As police states are, by their nature, hostile to rule of law, political repression is accomplished through the use of essentially illegal measures, such as the Alien and Sedition Acts and the Espionage Act. This outlawing of political thought and alternative viewpoints persists as an ongoing theme. From the 1920s onward, in order to combat political outsiders, many state governments formed a partnership with local police officials with the goal of stamping out grassroots democracy. These Red Squads, a political police force, engage in surveillance, disruption, and, in many instances, the destruction of political organizations active in nonviolent political expression. The Red Squads acted in similar ways to the FBI, as agents of the state seeking to instill in American society social and political conformity.
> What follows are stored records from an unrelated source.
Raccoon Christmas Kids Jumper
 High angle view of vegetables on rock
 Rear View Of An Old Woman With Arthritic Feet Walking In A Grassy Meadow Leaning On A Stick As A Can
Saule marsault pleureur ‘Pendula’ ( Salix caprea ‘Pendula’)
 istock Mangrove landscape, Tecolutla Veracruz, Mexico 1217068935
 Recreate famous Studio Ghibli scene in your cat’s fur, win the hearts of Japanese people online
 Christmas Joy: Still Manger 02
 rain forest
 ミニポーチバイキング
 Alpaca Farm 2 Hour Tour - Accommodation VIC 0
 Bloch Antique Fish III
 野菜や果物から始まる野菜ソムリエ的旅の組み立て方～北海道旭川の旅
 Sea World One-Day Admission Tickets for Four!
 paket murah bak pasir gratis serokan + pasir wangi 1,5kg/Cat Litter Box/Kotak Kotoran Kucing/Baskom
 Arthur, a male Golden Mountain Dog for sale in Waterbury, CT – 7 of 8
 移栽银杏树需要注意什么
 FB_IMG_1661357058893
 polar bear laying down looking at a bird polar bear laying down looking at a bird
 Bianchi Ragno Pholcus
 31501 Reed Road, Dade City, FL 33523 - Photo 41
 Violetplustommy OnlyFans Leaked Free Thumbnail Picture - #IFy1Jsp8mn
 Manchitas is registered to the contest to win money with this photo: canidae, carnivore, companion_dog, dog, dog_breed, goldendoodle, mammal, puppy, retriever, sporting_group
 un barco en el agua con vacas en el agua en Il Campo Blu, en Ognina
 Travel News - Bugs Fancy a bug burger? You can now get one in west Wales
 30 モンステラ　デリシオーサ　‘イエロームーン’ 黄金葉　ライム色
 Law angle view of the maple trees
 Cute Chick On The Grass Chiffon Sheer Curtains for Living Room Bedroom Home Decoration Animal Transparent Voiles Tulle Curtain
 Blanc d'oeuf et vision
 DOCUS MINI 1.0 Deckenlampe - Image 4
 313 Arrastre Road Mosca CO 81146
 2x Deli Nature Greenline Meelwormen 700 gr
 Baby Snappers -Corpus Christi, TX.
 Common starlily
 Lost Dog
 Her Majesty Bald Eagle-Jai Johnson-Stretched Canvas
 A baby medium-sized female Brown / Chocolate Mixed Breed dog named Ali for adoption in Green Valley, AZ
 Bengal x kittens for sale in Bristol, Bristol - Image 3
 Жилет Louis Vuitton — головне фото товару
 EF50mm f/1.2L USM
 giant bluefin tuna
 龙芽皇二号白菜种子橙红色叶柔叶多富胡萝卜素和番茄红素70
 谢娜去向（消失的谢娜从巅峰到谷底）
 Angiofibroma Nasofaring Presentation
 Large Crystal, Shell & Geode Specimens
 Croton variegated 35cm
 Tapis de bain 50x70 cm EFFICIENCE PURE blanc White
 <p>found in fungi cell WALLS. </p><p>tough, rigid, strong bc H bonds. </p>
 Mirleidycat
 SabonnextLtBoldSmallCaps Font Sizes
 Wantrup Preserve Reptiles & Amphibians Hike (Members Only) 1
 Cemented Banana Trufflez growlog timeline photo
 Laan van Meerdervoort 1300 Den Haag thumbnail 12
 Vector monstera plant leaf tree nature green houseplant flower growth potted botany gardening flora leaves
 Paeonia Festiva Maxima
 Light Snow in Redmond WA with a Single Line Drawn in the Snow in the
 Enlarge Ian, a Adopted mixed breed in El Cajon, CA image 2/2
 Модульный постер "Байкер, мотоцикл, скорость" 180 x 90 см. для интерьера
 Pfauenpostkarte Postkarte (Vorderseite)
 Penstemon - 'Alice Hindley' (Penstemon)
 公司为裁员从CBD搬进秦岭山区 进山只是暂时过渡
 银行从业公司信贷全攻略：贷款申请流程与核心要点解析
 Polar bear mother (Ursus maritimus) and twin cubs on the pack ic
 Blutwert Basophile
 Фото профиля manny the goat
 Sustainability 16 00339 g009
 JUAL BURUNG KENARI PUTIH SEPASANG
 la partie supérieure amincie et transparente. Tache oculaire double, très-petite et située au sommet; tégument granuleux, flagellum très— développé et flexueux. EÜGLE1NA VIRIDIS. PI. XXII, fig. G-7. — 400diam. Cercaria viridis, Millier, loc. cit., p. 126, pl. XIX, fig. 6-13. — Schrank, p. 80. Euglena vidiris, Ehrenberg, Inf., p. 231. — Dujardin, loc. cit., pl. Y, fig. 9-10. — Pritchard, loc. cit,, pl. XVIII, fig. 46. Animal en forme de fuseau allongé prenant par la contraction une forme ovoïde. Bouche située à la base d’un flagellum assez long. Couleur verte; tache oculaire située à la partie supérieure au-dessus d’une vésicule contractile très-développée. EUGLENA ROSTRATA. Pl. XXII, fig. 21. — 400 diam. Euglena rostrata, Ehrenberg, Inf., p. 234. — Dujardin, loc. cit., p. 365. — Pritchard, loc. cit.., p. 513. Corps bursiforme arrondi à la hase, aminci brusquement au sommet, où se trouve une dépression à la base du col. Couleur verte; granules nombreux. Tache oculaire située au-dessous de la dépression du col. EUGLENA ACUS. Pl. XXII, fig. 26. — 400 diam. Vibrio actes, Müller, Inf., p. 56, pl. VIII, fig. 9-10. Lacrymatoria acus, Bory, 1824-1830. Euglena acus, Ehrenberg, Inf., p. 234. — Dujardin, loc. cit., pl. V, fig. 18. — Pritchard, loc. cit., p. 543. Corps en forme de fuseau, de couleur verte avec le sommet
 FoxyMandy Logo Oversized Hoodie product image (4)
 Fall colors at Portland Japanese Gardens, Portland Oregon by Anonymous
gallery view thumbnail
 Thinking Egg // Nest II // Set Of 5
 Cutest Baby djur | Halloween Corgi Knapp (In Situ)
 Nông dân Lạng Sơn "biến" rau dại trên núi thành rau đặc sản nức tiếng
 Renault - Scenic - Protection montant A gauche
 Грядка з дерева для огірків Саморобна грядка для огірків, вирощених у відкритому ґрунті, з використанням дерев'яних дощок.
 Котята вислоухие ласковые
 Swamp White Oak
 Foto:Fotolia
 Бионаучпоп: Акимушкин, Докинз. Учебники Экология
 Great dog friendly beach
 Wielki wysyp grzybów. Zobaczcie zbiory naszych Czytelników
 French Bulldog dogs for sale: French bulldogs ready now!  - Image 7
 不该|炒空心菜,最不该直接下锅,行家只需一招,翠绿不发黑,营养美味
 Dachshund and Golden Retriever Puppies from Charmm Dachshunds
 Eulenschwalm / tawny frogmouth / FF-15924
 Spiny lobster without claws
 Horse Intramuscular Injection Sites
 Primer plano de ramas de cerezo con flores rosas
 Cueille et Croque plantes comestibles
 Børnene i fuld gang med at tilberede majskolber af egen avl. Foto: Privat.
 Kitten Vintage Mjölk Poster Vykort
The development of other essentially political police agencies within the federal government, to supplement the work of the FBI, such as the CIA, NSA, and a host of other intelligence gatherers on the federal and state levels, were an ominous sign. State repression was accelerating during the Truman administration with the passage of the National Security Act, and the growth of the CIA. Inside the federal government, there was an increasing subordination of the legislative branch to the executive branch., concentrating power in the context of a permanent emergency——and causing the government to become more determined to eliminate mass democracy. For instance, during World War II and in the name of a national emergency, Roosevelt ordered the internment of Japanese American citizens. This targeting of outsiders identified as an internal and external threat, continues to the present day; the alleged menace, was first Communism, and later, terrorism.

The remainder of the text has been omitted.